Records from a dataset
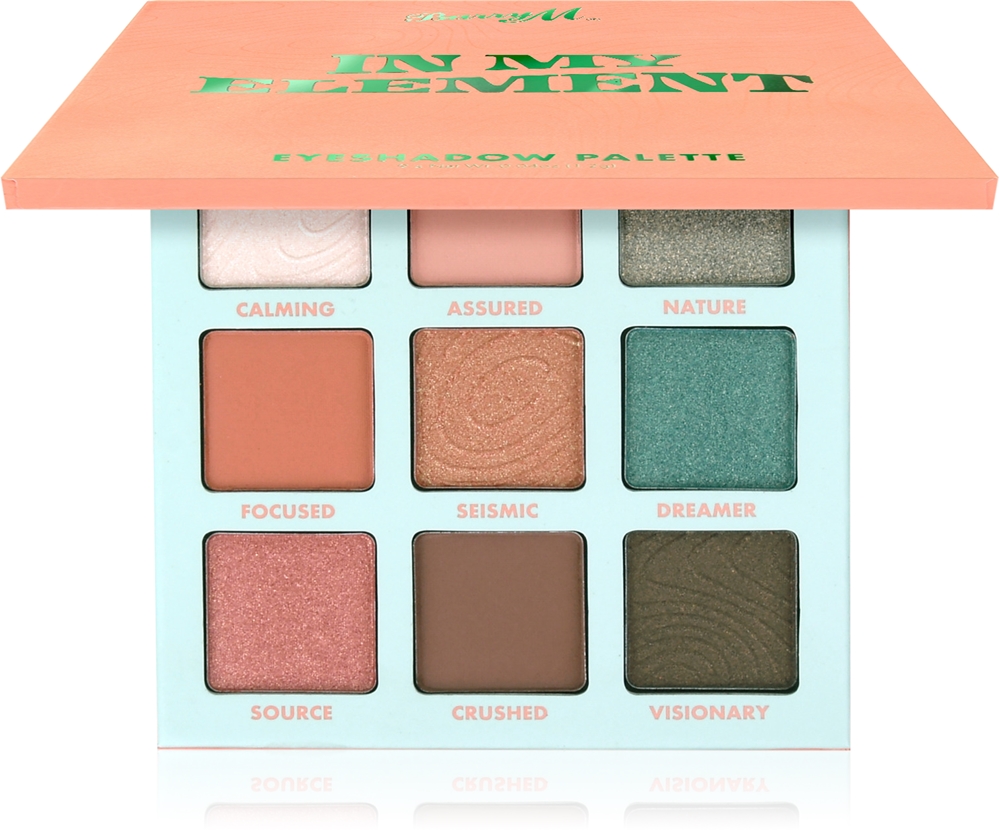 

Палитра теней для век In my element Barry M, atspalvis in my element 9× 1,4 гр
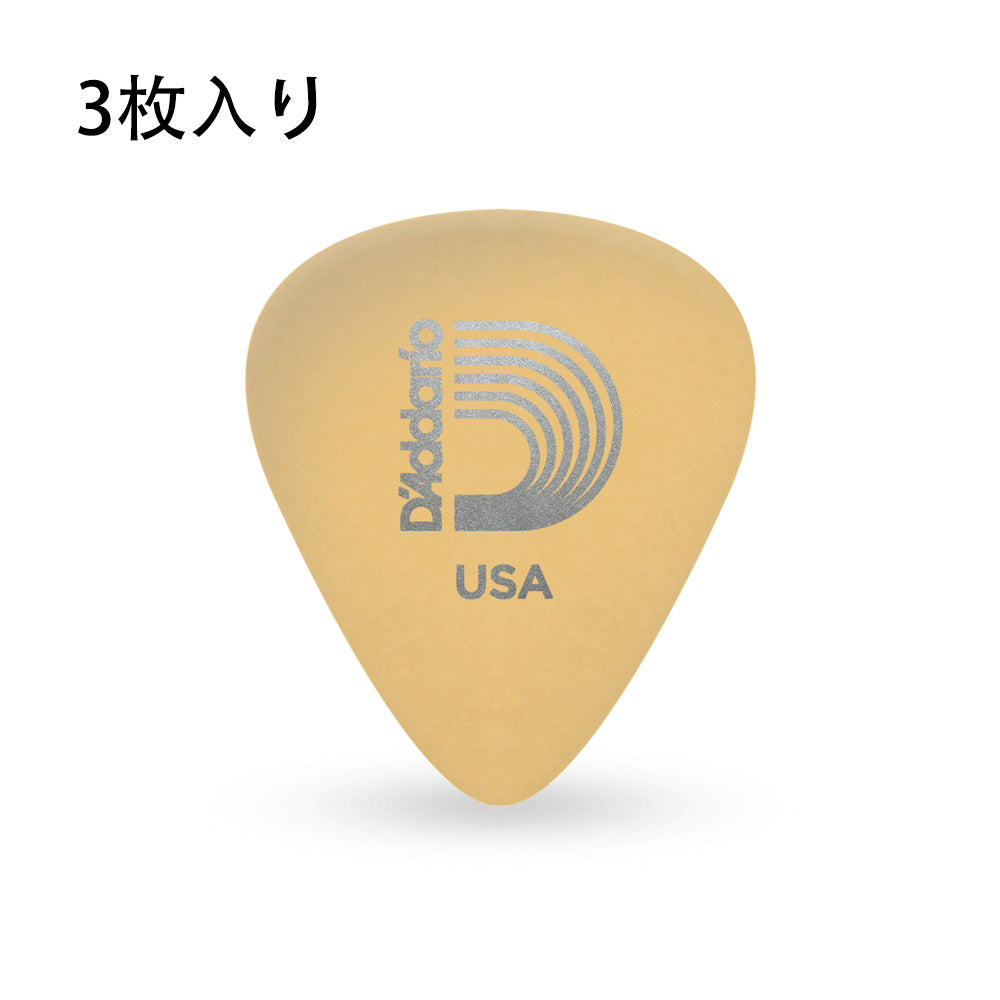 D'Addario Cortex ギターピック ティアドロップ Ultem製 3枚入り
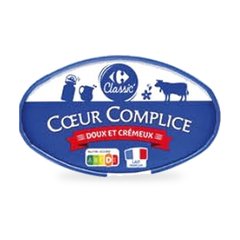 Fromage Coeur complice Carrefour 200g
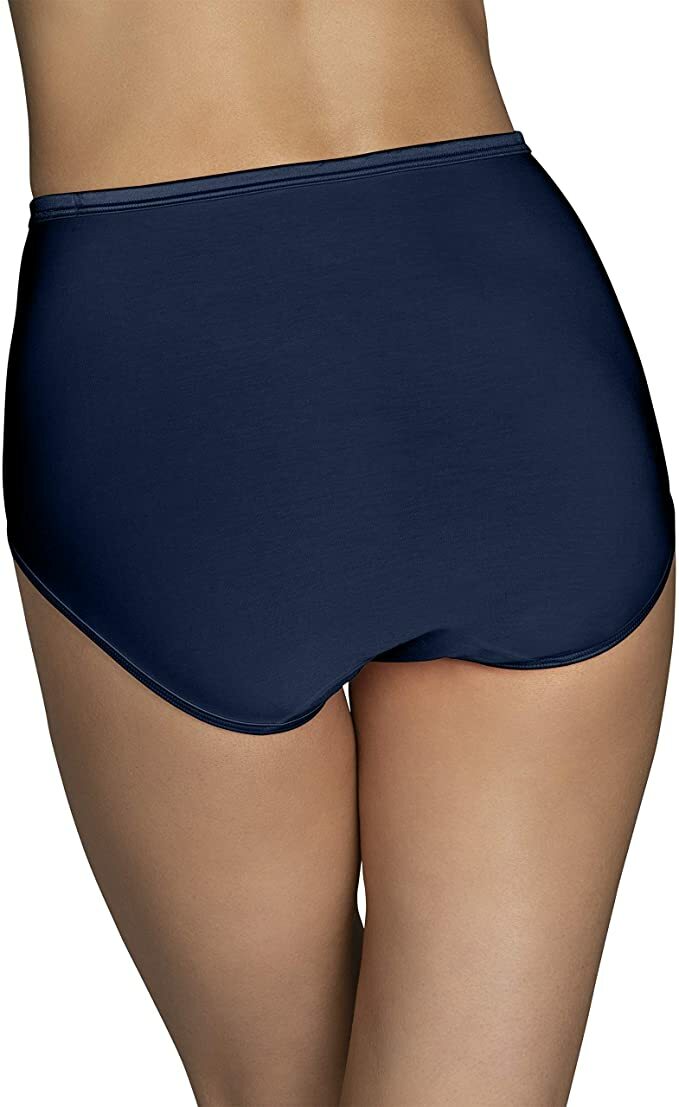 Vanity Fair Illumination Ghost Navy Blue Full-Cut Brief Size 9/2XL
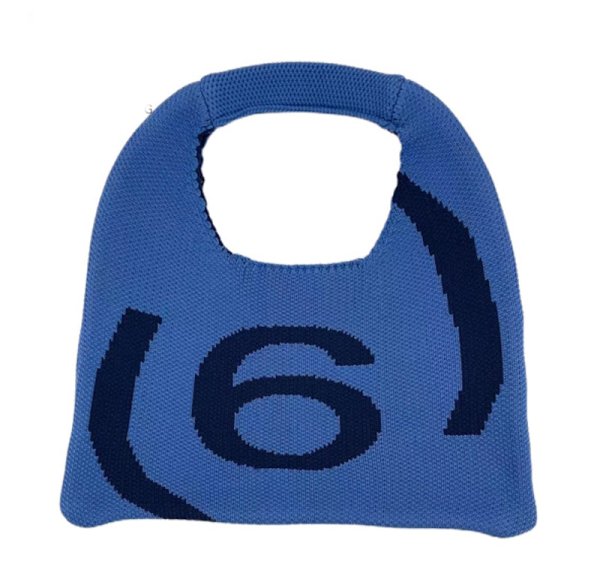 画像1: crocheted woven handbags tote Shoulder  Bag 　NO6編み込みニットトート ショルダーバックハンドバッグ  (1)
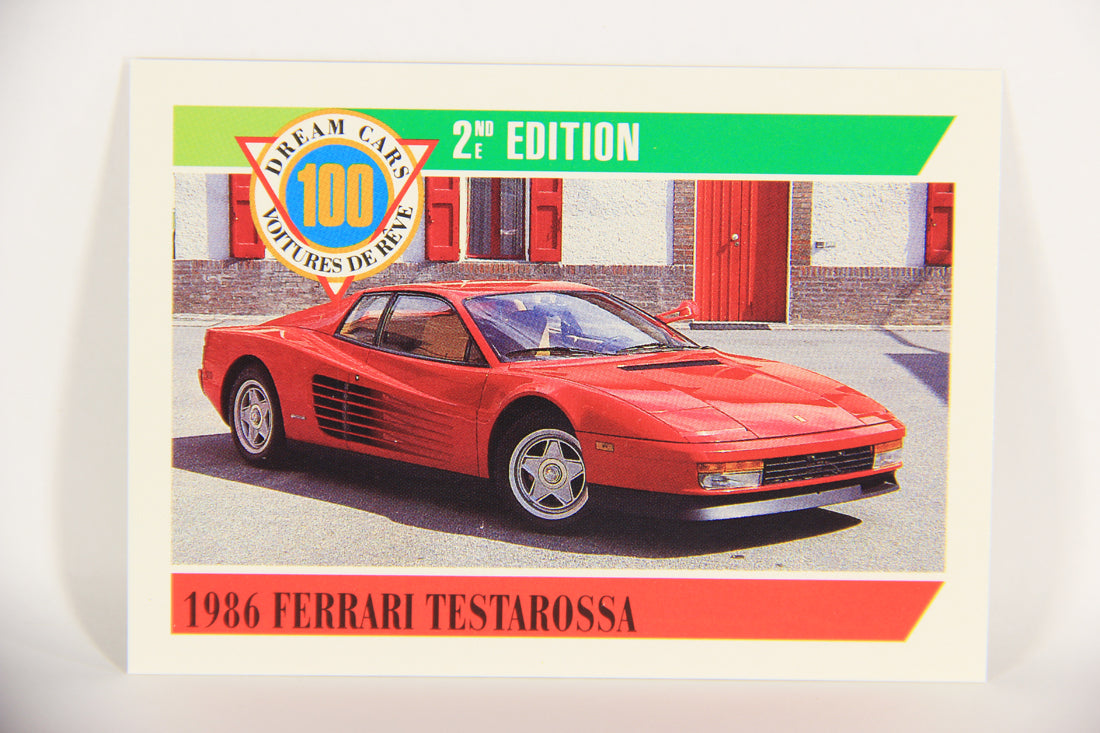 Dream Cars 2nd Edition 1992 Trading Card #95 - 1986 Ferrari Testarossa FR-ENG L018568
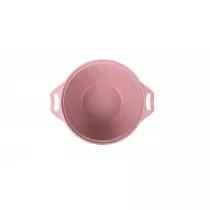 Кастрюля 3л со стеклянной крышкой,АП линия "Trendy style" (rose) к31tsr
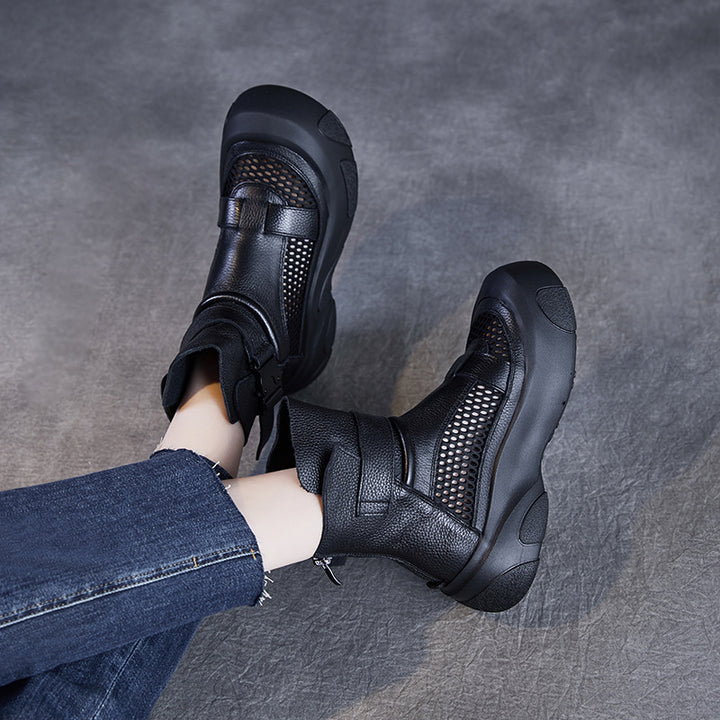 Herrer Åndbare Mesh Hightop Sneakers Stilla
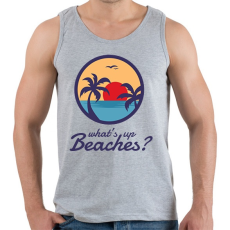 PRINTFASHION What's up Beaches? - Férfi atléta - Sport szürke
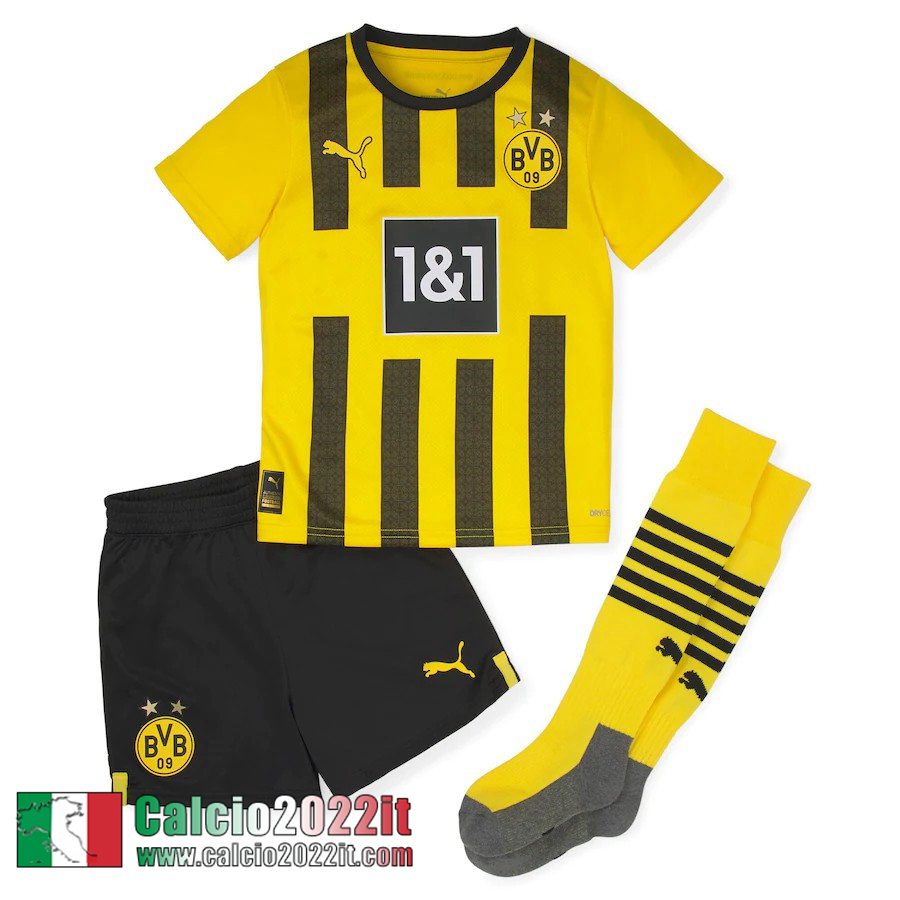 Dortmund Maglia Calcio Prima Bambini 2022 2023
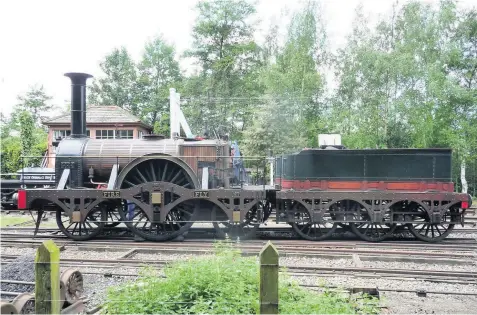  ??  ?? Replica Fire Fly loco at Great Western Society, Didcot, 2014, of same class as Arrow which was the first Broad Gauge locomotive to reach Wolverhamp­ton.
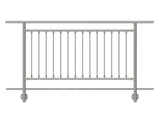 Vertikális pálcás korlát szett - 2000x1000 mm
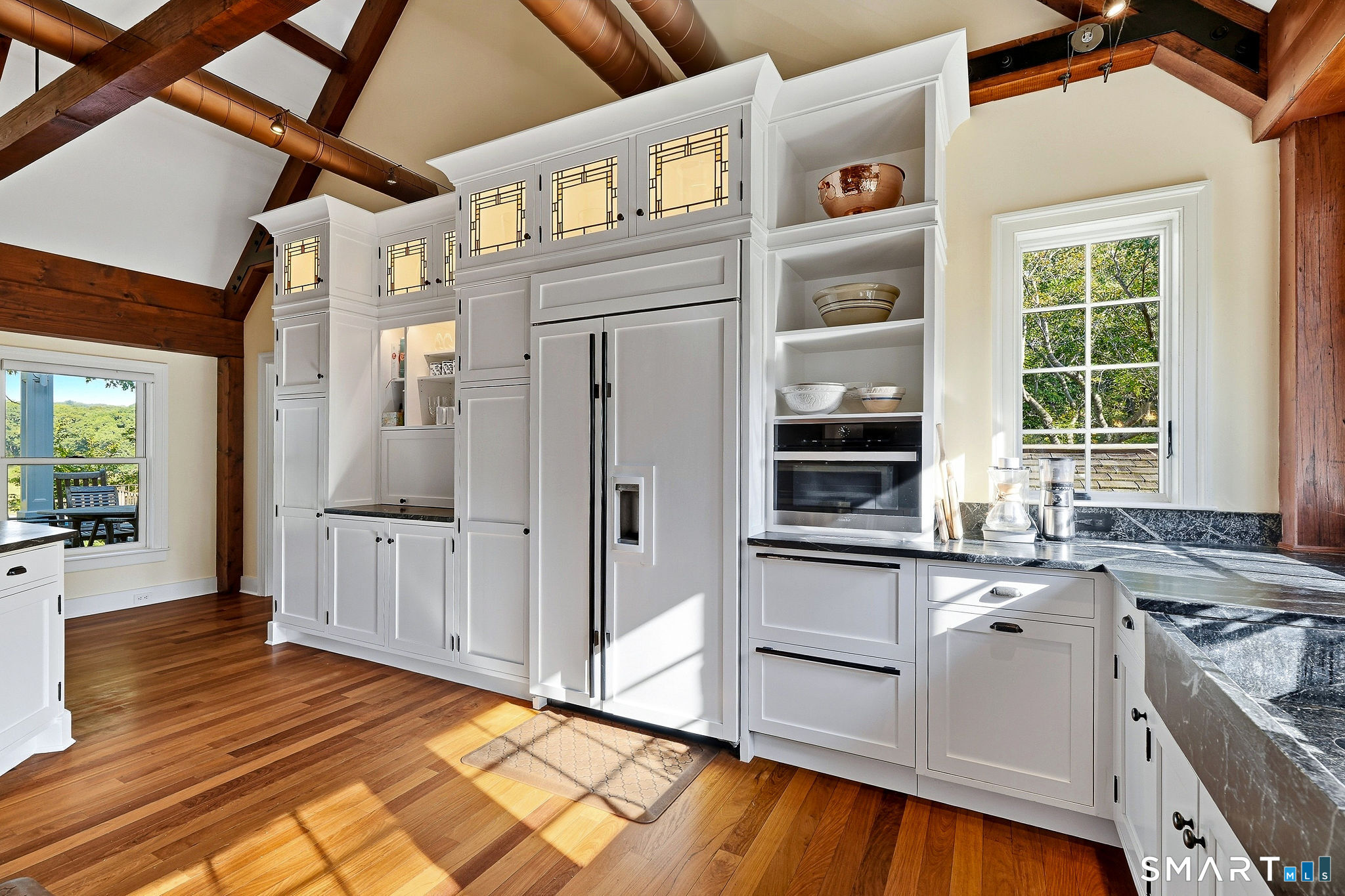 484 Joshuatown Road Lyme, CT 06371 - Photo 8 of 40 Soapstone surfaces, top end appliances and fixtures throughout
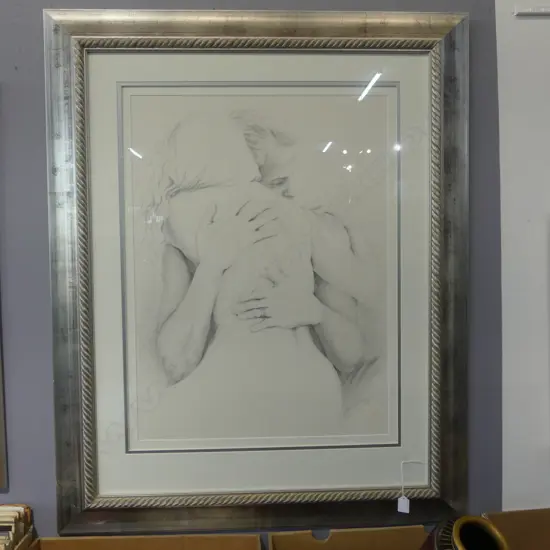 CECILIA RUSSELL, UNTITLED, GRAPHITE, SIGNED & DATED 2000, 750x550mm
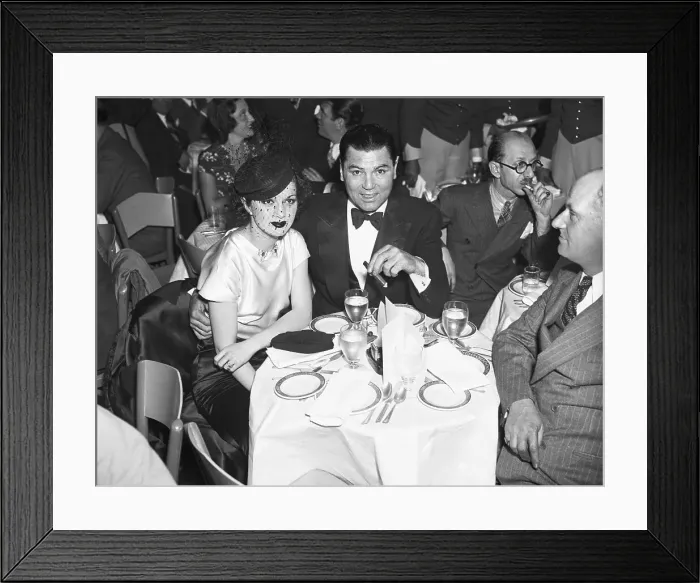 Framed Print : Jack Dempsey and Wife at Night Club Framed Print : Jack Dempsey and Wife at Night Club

TASK TO COMPLETE = Each line from the one containing "PRINTFASHION What's up" through the last line of the data should be written out exactly. Skip the pictures, and add no other lines.

OUTPUT BELOW =
 PRINTFASHION What's up Beaches? - Férfi atléta - Sport szürke
 Dortmund Maglia Calcio Prima Bambini 2022 2023
  ??  ?? Replica Fire Fly loco at Great Western Society, Didcot, 2014, of same class as Arrow which was the first Broad Gauge locomotive to reach Wolverhamp­ton.
 Vertikális pálcás korlát szett - 2000x1000 mm
 484 Joshuatown Road Lyme, CT 06371 - Photo 8 of 40 Soapstone surfaces, top end appliances and fixtures throughout
 CECILIA RUSSELL, UNTITLED, GRAPHITE, SIGNED & DATED 2000, 750x550mm
 Framed Print : Jack Dempsey and Wife at Night Club Framed Print : Jack Dempsey and Wife at Night Club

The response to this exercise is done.